The awards were dominated by Broods, who won Album of the Year, Best Group, Best Pop Album, and Radio Airplay Record of the Year. Marlon Williams won two awards, Best Male Solo Artist and Breakthrough Artist of the Year. Lorde won Single of the Year and shared the International Achievement award with Savage.

Early awards 
While most of the awards will be presented at the main awards ceremony held in November, five genre awards were presented earlier in the year at ceremonies of their field.
 The first was awarded in January, with the Tui for Best Folk Album presented at the Auckland Folk Festival in Kumeu to Auckland group Great North for their album Up In Smoke.
 The Tui for Best Jazz Album was presented in April at the National Jazz Festival in Tauranga to Auckland band DOG for their debut album DOG.
 The Best Country Music Album Tui was presented in May at the New Zealand Country Music Awards in Gore to Tami Neilson for her album Dynamite!.
 The Tui for Best Pacific Music Album was presented in June at the Vodafone Pacific Music Awards to the duo Cydel for their album Memoirs of a Midnight Cowboy.
 In August the Best Children's Music Album award was presented live on What Now to fleaBITE for her album The Jungle is Jumping.

The nominees for the three technical awards were announced on 1 October, and the technical award winners, legacy award recipient and the Critics' Choice Prize shortlist were announced on 13 October.
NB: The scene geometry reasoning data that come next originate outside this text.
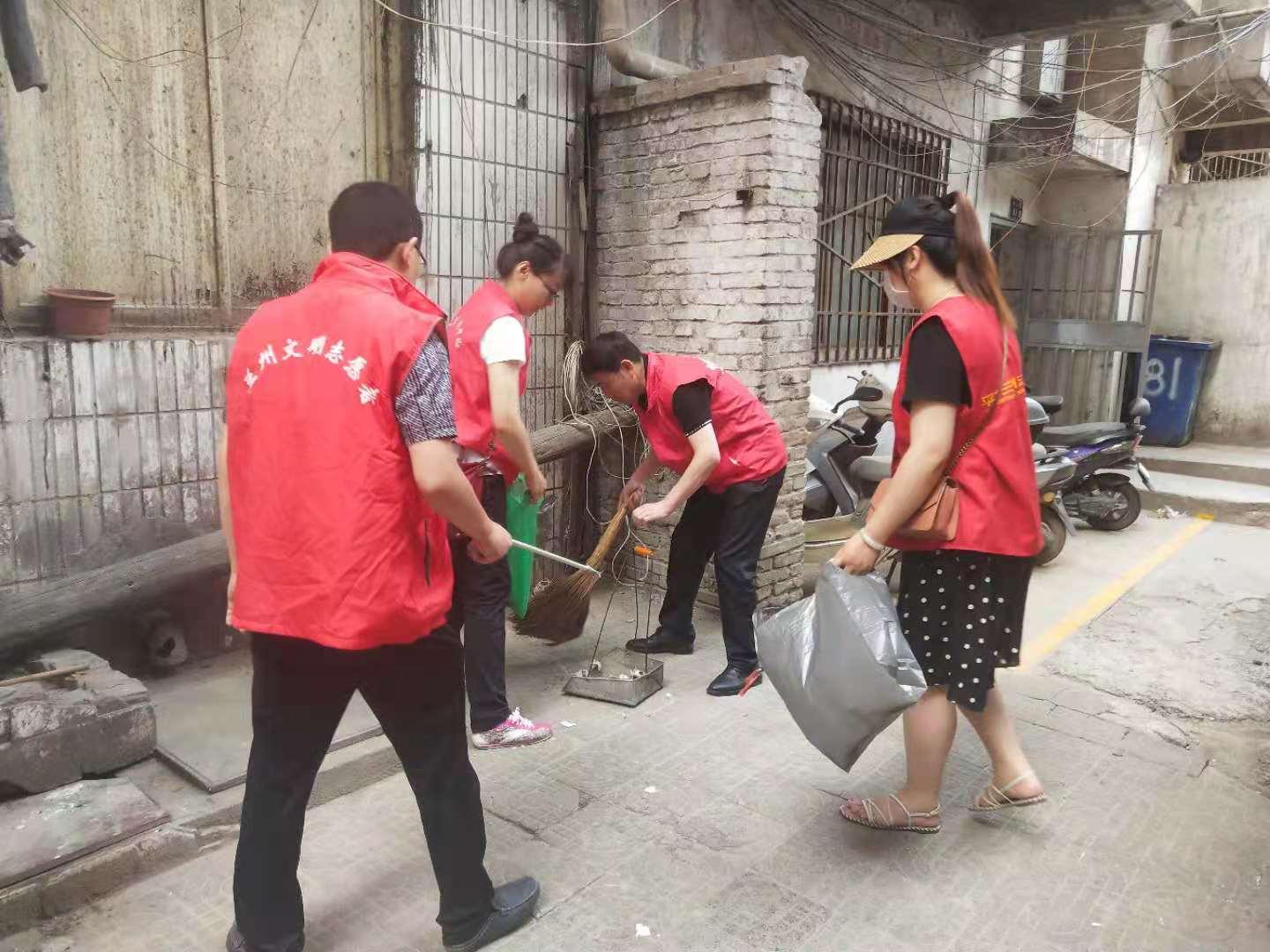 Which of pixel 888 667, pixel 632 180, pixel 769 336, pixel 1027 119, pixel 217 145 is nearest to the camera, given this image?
pixel 888 667

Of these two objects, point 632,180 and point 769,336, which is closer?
point 769,336

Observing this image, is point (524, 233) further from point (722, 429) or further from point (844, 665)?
point (844, 665)

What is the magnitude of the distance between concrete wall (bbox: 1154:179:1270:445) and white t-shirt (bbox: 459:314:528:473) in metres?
10.4

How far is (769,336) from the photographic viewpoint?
4.77 meters

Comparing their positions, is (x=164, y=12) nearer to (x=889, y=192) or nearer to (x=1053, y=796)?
(x=1053, y=796)

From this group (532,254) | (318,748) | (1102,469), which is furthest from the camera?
(1102,469)

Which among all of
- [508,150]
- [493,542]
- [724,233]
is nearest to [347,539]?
[493,542]

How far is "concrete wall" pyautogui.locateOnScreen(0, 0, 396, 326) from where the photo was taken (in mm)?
3475

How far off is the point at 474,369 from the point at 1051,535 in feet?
15.7

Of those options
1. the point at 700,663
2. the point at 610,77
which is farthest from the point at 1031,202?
the point at 700,663

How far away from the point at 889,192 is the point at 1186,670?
4.38 m

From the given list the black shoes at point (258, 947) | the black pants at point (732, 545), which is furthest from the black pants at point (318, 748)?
the black pants at point (732, 545)

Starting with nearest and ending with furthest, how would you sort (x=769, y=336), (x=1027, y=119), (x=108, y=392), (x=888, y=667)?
(x=888, y=667), (x=108, y=392), (x=769, y=336), (x=1027, y=119)

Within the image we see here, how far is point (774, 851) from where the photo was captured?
2.91 meters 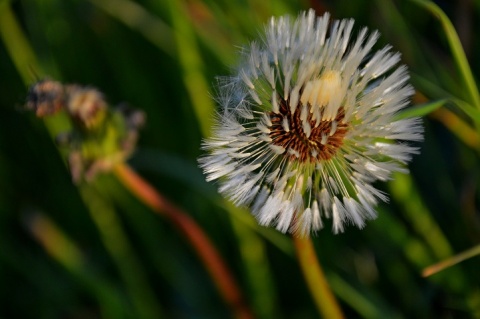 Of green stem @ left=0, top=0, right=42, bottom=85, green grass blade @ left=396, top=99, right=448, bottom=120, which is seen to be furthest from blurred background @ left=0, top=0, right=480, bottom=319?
Answer: green grass blade @ left=396, top=99, right=448, bottom=120

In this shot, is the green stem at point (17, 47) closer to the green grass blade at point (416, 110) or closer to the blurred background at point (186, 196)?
the blurred background at point (186, 196)

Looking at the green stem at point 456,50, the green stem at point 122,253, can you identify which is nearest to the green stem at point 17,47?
the green stem at point 122,253

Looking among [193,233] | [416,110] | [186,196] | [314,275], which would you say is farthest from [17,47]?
[416,110]

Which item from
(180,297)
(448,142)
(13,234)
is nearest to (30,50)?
(13,234)

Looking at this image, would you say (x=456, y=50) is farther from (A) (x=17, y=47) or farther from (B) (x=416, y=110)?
(A) (x=17, y=47)

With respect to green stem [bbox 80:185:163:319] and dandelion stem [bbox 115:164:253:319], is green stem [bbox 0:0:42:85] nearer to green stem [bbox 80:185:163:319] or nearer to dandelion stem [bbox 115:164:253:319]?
green stem [bbox 80:185:163:319]

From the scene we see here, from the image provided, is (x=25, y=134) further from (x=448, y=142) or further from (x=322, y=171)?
(x=322, y=171) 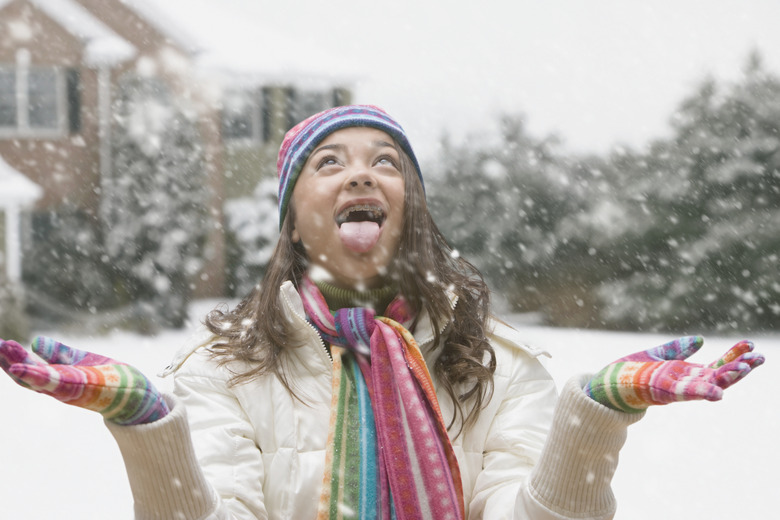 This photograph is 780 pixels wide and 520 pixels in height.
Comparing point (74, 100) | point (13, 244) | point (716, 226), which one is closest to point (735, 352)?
point (716, 226)

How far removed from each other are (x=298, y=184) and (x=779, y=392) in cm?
725

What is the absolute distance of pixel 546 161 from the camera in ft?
37.9

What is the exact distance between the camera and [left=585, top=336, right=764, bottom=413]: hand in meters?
1.33

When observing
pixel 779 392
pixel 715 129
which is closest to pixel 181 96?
pixel 715 129

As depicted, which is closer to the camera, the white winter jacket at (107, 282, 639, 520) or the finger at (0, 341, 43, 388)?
the finger at (0, 341, 43, 388)

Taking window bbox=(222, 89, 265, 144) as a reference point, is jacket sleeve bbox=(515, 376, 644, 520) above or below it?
above

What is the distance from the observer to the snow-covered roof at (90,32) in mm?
13508

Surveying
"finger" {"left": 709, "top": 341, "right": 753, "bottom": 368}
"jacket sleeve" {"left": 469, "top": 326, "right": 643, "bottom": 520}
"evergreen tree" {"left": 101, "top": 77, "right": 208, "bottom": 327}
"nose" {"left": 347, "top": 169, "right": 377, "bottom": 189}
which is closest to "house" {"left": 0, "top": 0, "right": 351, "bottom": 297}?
"evergreen tree" {"left": 101, "top": 77, "right": 208, "bottom": 327}

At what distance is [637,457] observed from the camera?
6.07 meters

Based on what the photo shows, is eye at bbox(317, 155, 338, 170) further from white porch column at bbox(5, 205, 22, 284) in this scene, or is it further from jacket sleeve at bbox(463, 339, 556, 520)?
white porch column at bbox(5, 205, 22, 284)

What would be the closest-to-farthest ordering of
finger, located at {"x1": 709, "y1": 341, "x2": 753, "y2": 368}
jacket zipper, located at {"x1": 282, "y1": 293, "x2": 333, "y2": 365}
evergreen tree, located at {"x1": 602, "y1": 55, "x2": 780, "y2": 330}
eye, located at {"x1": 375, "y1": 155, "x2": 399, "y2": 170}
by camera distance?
finger, located at {"x1": 709, "y1": 341, "x2": 753, "y2": 368} < jacket zipper, located at {"x1": 282, "y1": 293, "x2": 333, "y2": 365} < eye, located at {"x1": 375, "y1": 155, "x2": 399, "y2": 170} < evergreen tree, located at {"x1": 602, "y1": 55, "x2": 780, "y2": 330}

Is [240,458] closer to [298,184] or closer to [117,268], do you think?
[298,184]

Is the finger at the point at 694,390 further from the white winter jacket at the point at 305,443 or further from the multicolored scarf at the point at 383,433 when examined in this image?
the multicolored scarf at the point at 383,433

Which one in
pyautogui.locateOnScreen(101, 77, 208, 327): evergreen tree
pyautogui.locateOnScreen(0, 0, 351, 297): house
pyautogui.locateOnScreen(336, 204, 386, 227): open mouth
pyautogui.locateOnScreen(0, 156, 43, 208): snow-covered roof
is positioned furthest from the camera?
pyautogui.locateOnScreen(0, 0, 351, 297): house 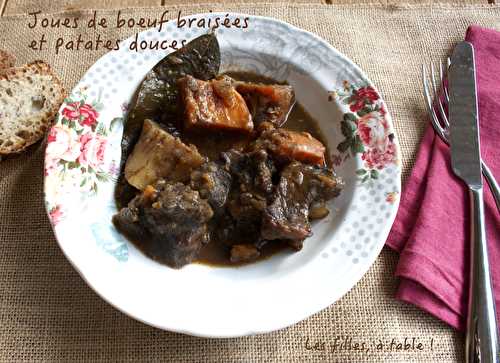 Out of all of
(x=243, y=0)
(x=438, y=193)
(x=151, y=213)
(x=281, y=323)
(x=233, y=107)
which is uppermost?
(x=243, y=0)

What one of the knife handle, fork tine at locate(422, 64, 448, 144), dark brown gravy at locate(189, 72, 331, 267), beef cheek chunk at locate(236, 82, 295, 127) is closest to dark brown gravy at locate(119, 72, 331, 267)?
dark brown gravy at locate(189, 72, 331, 267)

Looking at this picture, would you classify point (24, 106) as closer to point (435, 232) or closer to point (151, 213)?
point (151, 213)

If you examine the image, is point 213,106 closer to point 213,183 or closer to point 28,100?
point 213,183

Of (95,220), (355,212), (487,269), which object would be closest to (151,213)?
(95,220)

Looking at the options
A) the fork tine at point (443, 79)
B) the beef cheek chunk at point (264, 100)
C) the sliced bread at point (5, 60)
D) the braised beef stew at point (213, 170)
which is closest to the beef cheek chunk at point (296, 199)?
the braised beef stew at point (213, 170)

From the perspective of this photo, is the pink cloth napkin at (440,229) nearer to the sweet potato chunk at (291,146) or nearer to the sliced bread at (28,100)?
the sweet potato chunk at (291,146)

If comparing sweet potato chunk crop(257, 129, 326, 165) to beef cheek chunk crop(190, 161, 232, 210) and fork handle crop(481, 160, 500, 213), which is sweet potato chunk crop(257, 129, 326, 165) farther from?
fork handle crop(481, 160, 500, 213) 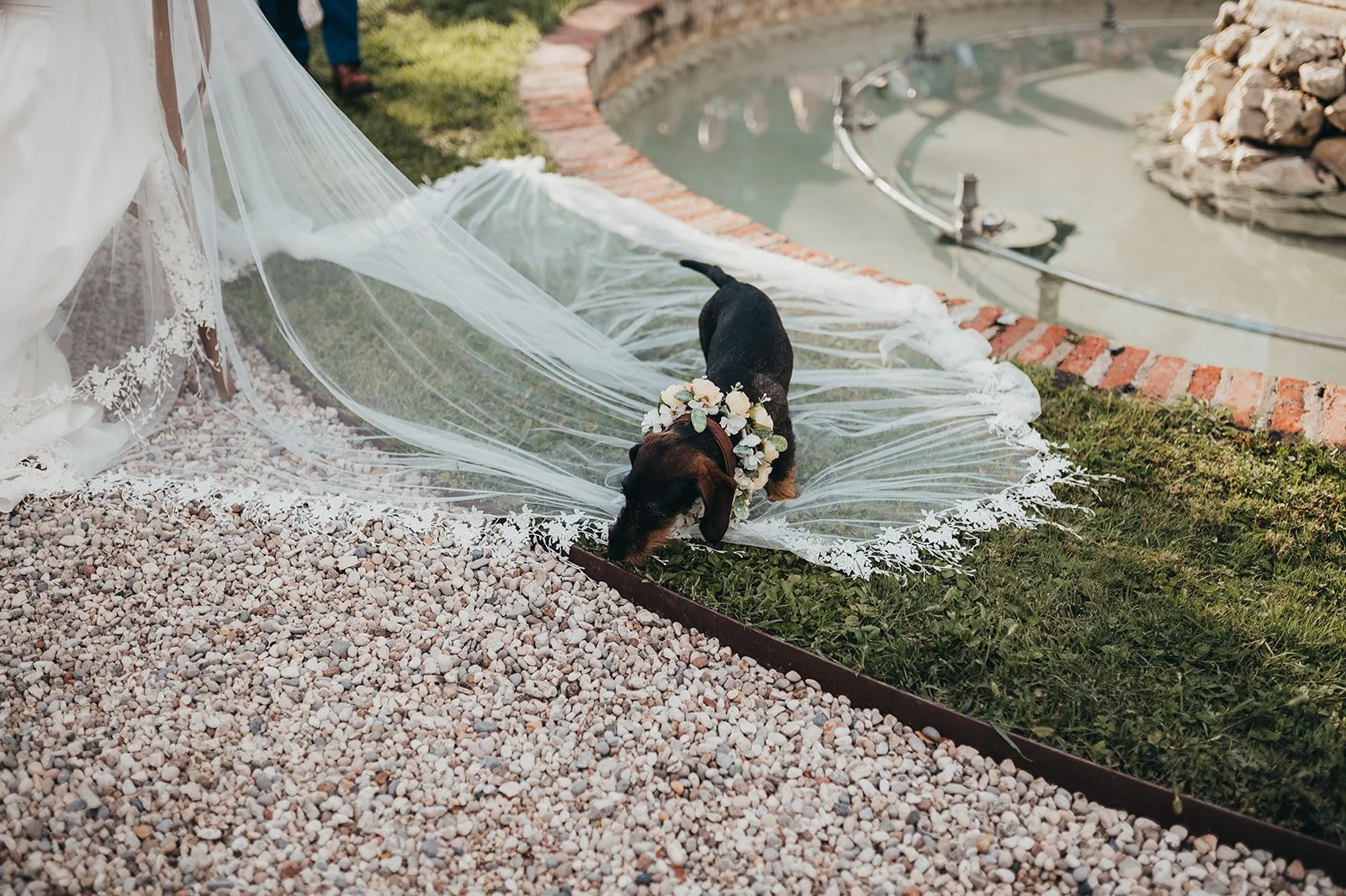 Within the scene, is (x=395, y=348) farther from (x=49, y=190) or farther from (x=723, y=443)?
(x=723, y=443)

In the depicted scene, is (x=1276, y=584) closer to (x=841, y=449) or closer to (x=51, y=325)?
(x=841, y=449)

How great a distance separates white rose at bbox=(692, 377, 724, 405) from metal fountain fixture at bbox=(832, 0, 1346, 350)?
225cm

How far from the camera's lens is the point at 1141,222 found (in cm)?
545

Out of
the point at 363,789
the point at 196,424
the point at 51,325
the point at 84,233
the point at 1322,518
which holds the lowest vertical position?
the point at 363,789

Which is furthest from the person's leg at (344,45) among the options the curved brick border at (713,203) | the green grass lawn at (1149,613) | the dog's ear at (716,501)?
the dog's ear at (716,501)

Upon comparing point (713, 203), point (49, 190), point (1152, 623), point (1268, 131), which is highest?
point (49, 190)

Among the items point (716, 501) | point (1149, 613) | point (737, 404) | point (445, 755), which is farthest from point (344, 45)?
point (1149, 613)

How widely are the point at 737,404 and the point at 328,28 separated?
13.9ft

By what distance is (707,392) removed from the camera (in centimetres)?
301

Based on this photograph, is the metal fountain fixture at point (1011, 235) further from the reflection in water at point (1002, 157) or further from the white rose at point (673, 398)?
the white rose at point (673, 398)

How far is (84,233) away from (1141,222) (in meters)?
4.72

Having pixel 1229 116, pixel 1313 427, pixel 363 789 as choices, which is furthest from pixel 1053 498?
pixel 1229 116

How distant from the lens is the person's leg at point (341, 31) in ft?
19.3

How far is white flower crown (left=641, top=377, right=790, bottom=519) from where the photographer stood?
9.88ft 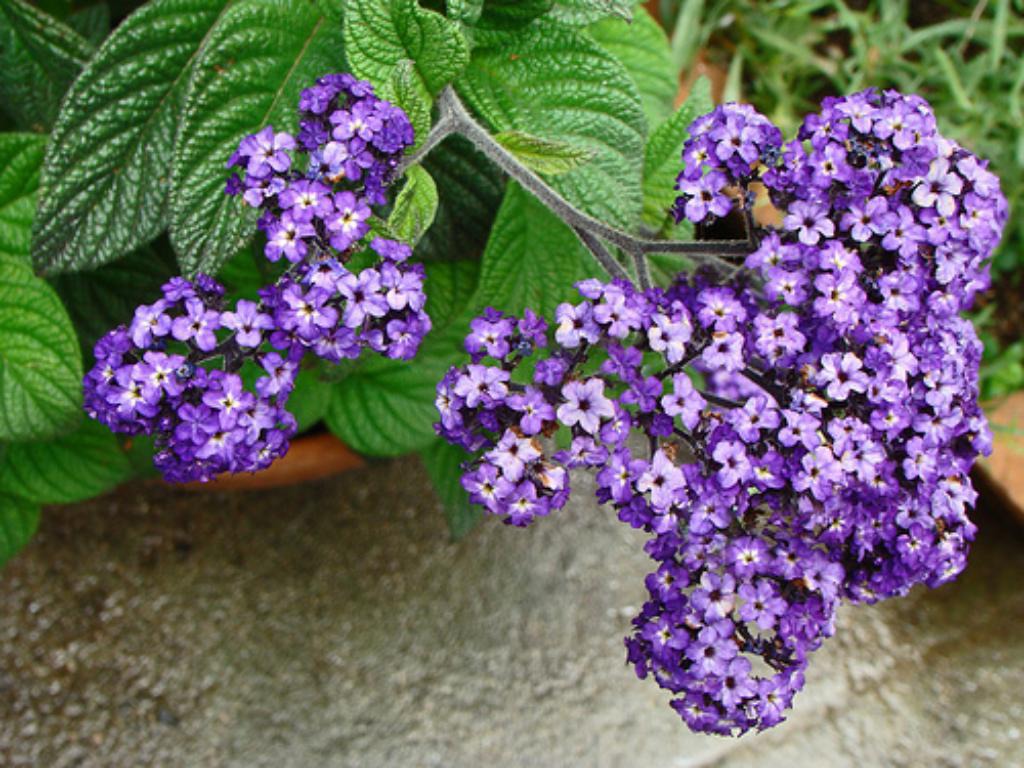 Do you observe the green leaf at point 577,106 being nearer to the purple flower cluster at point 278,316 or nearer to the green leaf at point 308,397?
the purple flower cluster at point 278,316

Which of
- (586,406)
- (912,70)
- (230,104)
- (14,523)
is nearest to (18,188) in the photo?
(230,104)

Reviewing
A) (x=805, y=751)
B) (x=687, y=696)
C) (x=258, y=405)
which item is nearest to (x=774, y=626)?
(x=687, y=696)

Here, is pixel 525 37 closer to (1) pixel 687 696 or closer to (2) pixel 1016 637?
(1) pixel 687 696

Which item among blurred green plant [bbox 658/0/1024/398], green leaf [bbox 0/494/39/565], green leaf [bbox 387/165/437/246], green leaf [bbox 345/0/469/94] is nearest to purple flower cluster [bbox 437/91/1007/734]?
green leaf [bbox 387/165/437/246]

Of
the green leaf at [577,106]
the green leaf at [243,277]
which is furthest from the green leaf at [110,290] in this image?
the green leaf at [577,106]

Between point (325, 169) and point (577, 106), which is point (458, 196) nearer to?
point (577, 106)

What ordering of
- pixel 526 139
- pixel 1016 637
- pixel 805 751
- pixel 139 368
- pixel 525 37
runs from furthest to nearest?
pixel 1016 637 → pixel 805 751 → pixel 525 37 → pixel 526 139 → pixel 139 368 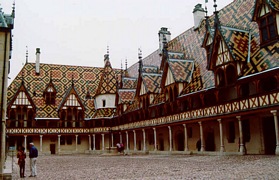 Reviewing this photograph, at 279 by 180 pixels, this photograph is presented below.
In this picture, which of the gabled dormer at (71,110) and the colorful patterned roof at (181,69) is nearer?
the colorful patterned roof at (181,69)

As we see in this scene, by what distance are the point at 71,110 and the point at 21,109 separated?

The Critics Choice showcase and award presentation will be held on 5 November.

Controversy 

During the live broadcast of the main awards ceremony, six awards - including Best Maori Album - were presented during the ad breaks and omitted from the television broadcast. This was criticised by previous NZMA winner Tama Waipara, who described the incident as "disgusting and it's not surprising but it is extremely disappointing and moreover, it's unconstitutional." A Mediaworks spokesperson responded, saying, "We can't broadcast the entire awards ceremony without commercial breaks, so many awards aren't televised."

Nominees and winners 

The main nominees were revealed on 13 October 2015. The Best Gospel / Christian Album category was renamed Best Worship Album.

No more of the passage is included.